Using the dat_experiment tibble, write a function to extract the t, df, p, and mean_diff from a students t test. The inputs are only the tibble containing the data; it can assume score ~ group

21.1.1.1 Write more flexible functions

Instead of the assuming forcing the use of a Student’s t-test via var.equal = TRUE, make this a) an option the user can specify when calling the function and b) make TRUE the default value. Can’t remember how to do this?
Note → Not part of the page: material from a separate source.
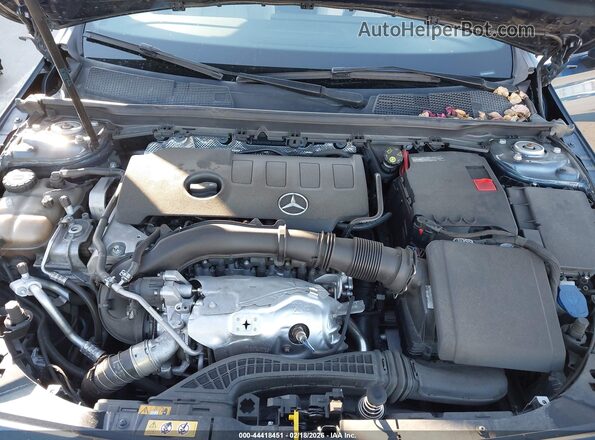 W1K3G4EB2MJ255040 2021 MERCEDES-BENZ A 220 Dark Blue Widok z tyłu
Go back to the Writing Functions chapter.

Add arguments to specify t.test()’s alternative argument, i.e., whether the hypothesis test is two-sided or directional

Add arguments to specify t.test()’s mu argument, i.e., whether the population mean difference being tested by the p value is zero (default) or some other value. We will use this in later chapters.
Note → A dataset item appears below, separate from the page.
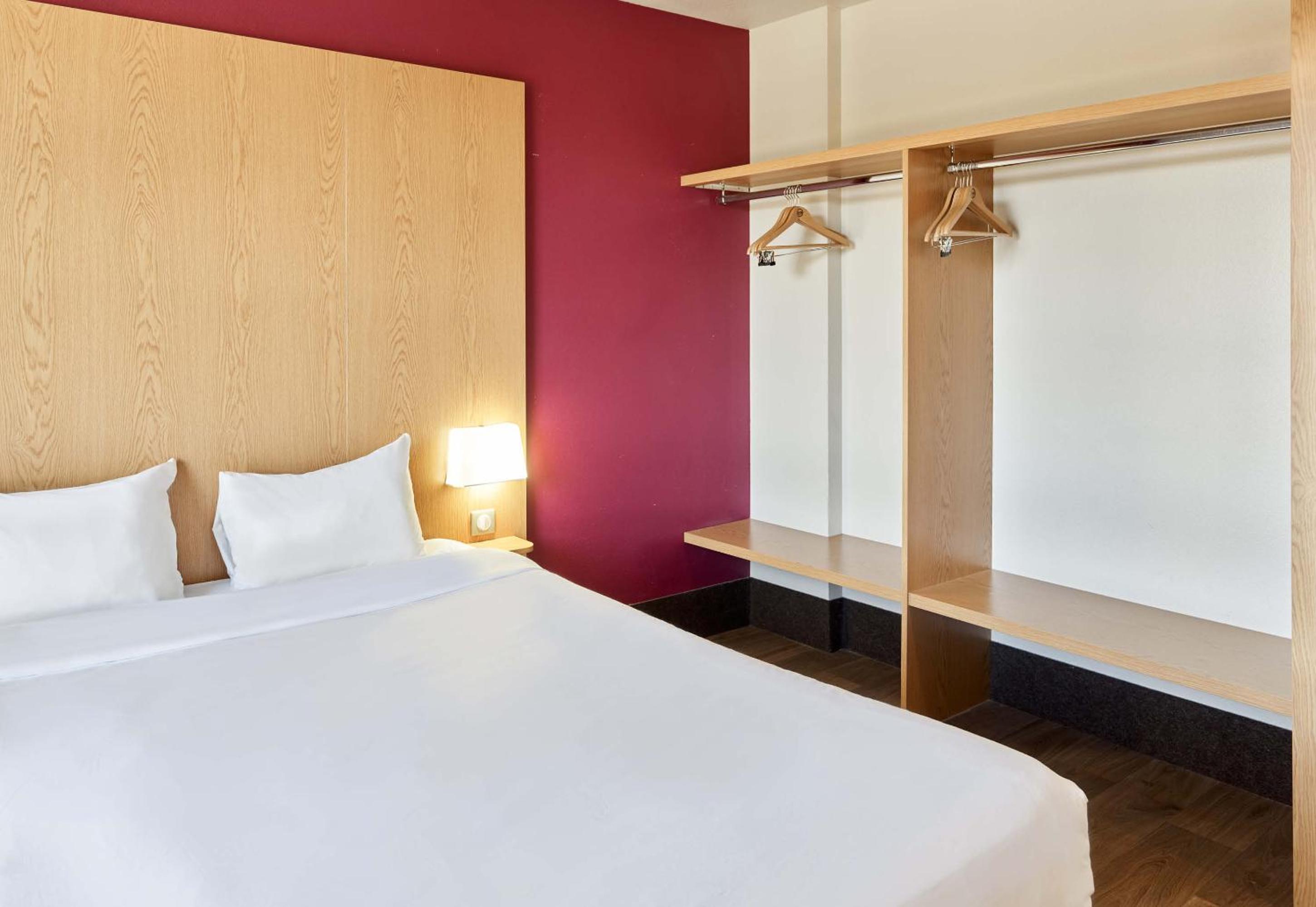 Double Room thumbnail 6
Use the curly-curly operator ({ column }) to specify the t.test()’s IV and DV in its formula.

21.1.1.2 Extracting Cohen’s d effect sizes

Use the {effectsize} package where possible over alternatives, as its written by the same group who write {parameters} and plays nice with it and tidyverse.
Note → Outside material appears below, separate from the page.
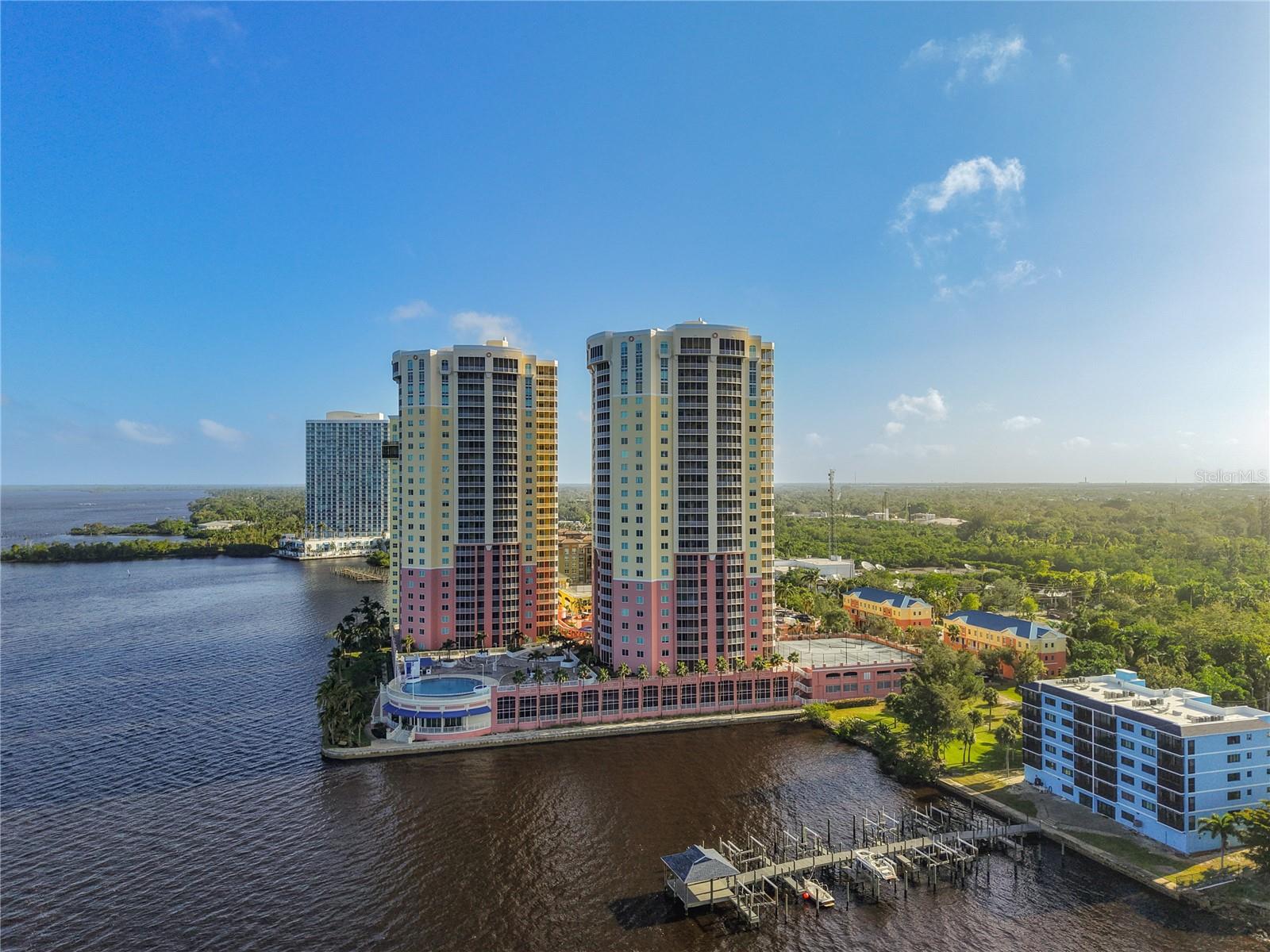 ST TROPEZ - Residential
Use effectsize::cohens_d() to extract Cohen’s d and its 95% CIs and return these as a tibble. In between groups designs, this version of Cohen’s d is referred to as Cohen’s $d_s$.

Write a function that extracts the t, df, p, mean_diff and its CIs, Cohen’s d and its CIs, using {parameters} and {effectsize}

21.1.2 Dependent t-test and Cohen’s $d_{rm}$

Use the data_pre_post tibble.

Use t.test() with paired = TRUE and effectsize::repeated_measures_d().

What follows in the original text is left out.